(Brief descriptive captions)

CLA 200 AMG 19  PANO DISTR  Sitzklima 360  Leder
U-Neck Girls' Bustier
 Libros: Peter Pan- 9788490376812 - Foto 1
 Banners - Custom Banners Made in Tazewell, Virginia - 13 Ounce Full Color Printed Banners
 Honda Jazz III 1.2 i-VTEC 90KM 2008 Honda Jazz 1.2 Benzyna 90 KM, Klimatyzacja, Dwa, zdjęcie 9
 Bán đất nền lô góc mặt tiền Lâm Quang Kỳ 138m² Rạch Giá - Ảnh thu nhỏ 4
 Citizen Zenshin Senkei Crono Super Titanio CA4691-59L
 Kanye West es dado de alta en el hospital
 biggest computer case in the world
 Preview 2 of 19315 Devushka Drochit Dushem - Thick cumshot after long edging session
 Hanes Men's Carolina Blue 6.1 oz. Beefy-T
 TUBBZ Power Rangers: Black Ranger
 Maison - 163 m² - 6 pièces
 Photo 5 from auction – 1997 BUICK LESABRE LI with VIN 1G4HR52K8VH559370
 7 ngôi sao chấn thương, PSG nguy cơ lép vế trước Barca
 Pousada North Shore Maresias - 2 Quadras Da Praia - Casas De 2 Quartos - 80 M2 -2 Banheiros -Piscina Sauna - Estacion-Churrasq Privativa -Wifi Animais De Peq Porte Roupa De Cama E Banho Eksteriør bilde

TASK DESCRIPTION: Print all of the entries exactly, leaving nothing out.

SOLUTION TO THE PROBLEM:
CLA 200 AMG 19  PANO DISTR  Sitzklima 360  Leder
U-Neck Girls' Bustier
 Libros: Peter Pan- 9788490376812 - Foto 1
 Banners - Custom Banners Made in Tazewell, Virginia - 13 Ounce Full Color Printed Banners
 Honda Jazz III 1.2 i-VTEC 90KM 2008 Honda Jazz 1.2 Benzyna 90 KM, Klimatyzacja, Dwa, zdjęcie 9
 Bán đất nền lô góc mặt tiền Lâm Quang Kỳ 138m² Rạch Giá - Ảnh thu nhỏ 4
 Citizen Zenshin Senkei Crono Super Titanio CA4691-59L
 Kanye West es dado de alta en el hospital
 biggest computer case in the world
 Preview 2 of 19315 Devushka Drochit Dushem - Thick cumshot after long edging session
 Hanes Men's Carolina Blue 6.1 oz. Beefy-T
 TUBBZ Power Rangers: Black Ranger
 Maison - 163 m² - 6 pièces
 Photo 5 from auction – 1997 BUICK LESABRE LI with VIN 1G4HR52K8VH559370
 7 ngôi sao chấn thương, PSG nguy cơ lép vế trước Barca
 Pousada North Shore Maresias - 2 Quadras Da Praia - Casas De 2 Quartos - 80 M2 -2 Banheiros -Piscina Sauna - Estacion-Churrasq Privativa -Wifi Animais De Peq Porte Roupa De Cama E Banho Eksteriør bilde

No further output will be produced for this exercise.